#### Exercise data ####
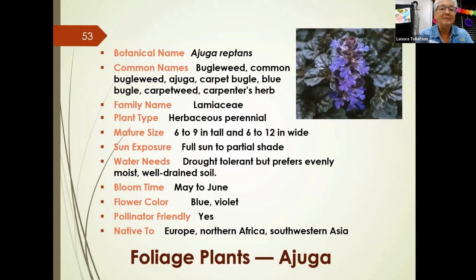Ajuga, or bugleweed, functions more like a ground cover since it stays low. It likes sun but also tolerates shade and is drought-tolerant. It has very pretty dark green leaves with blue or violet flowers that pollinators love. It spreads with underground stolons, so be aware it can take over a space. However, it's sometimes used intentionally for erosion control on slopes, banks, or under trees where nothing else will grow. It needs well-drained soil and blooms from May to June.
####
#### Exercise data ####
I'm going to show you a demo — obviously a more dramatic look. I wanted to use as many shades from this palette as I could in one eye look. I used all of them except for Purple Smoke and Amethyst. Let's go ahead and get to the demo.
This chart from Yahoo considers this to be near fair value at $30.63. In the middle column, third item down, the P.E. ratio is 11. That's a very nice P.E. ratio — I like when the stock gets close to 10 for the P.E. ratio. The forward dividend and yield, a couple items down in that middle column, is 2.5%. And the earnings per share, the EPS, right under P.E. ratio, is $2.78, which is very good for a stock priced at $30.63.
####
#### [Goal of the exercise]
Using the data above, reproduce exactly the lines from the line that contains "I'm going to" through the line that contains "This chart from", including both.

#### [Answer space]
I'm going to show you a demo — obviously a more dramatic look. I wanted to use as many shades from this palette as I could in one eye look. I used all of them except for Purple Smoke and Amethyst. Let's go ahead and get to the demo.
This chart from Yahoo considers this to be near fair value at $30.63. In the middle column, third item down, the P.E. ratio is 11. That's a very nice P.E. ratio — I like when the stock gets close to 10 for the P.E. ratio. The forward dividend and yield, a couple items down in that middle column, is 2.5%. And the earnings per share, the EPS, right under P.E. ratio, is $2.78, which is very good for a stock priced at $30.63.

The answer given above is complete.